Sosyofobide Bilişsel Kaçınma: Düşüncelerle Savaştan Göz Temasına


1. Bilişsel Kaçınma Nedir?
Bilişsel kaçınma, bireyin olası tehlikeleri düşünmemek, duygularını bastırmak ya da zihinsel olarak kendini “uyutmak” yoluyla kaygı uyandıran durumdan uzak durma stratejisidir. Örneğin sosyofobik birey, sunum yaparken “bana bakmasınlar”, “göz teması kurmayayım” diye düşünür ve tüm dikkatini kendini sakınmaya yönlendirir.
2. Zihinle Savaşmak:
Sosyofobi yaşayan bireylerin zihninde sürekli olarak “rezil olacağım”, “kekeleyip konuşamayacağım”, “terlediğim fark edilecek” gibi düşünceler dolaşır. Bilişsel kaçınma, bu düşünceleri bastırmak ya da yok saymak için geliştirilmiş bir savunmadır. Ancak bu savaş, zihinsel enerjiyi tüketir ve anksiyeteyi artırır.
3. Göz Teması ve Kaçınma:
Göz teması sosyofobik bireyler için sıklıkla tetikleyici bir unsurdur. Kişi göz teması kurduğunda kendini daha görünür, daha kırılgan ve daha fazla yargılanabilir hisseder. Bu nedenle gözlerini kaçırır, yere bakar, başını eğer. Ancak bu davranış, karşı tarafla kurulan bağın zayıflamasına ve özgüvenin düşmesine neden olur.
4. Terapötik Müdahaleler:
- **Bilişsel Yeniden Yapılandırma:** Olumsuz inançlar (“Beni aptal sanacaklar”) belirlenir ve bunlar daha işlevsel düşüncelerle değiştirilir (“Herkes hata yapabilir, ben de insanım”).
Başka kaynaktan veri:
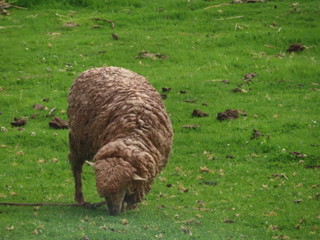 obeja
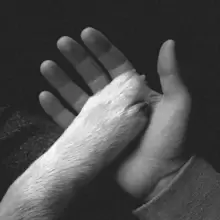 Image of Tasha Sits Close to the Piano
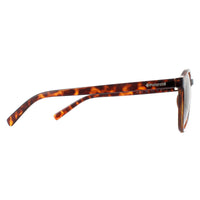 Polaroid Sunglasses PLD 1013/S V08 H8 Havana Green Polarized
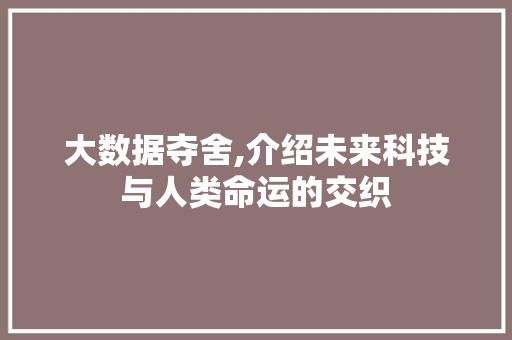 大数据夺舍,介绍未来科技与人类命运的交织 前端技术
- **Duyarsızlaştırma (Desensitizasyon):** Göz teması kurma, soru sorma gibi tetikleyici durumlar yavaş yavaş ve kontrollü şekilde maruz bırakılarak yeniden yapılandırılır.
- **Zihinsel Farkındalık:** Danışan düşünceleriyle savaşmak yerine, onları sadece fark eder ve geçmesine izin verir. “Şu anda kaygılıyım ama bu duygu gelip geçici” bakışı kazandırılır.
- **Vücut Dili ve Temsil:** Terapi odasında aynalarla çalışma, video kayıtla analiz gibi yöntemlerle danışanın sosyal ortamlardaki temsilini tanıması ve güven kazanması sağlanır.
5. İçsel Eleştirmenle Çalışmak:
Sosyofobik bireylerin zihninde yoğun bir içsel eleştirmen sesi vardır. “Bu ne biçim ses?”, “Bunu nasıl söyledin?” gibi düşünceler sosyal durumları daha da zorlaştırır. Bu iç sesle çalışmak, onu yumuşatmak ve şefkate dönüştürmek terapötik sürecin merkezindedir.
6. Duygulara Temas ve Kabulle İlerleme:
Bilişsel kaçınma, çoğu zaman duygusal temastan da kaçınmak anlamına gelir. Oysa duygular bastırıldıkça değil, hissedildikçe geçer. Terapist, danışanın korkusunu duyabilmesi, utanmayı hissedebilmesi için güvenli alan yaratır.
Sonuç olarak, sosyofobi sadece bir “utangaçlık” değil; zihinle, düşüncelerle ve duygularla verilen yoğun bir savaştır. Bu savaşı kazanmanın yolu, savaşmamak ve zihni kabulle yeniden programlamaktır. Göz teması kurmak, sadece başkasıyla değil, kendinle de temas kurmaktır. Ve bu temas, iyileşmenin anahtarıdır.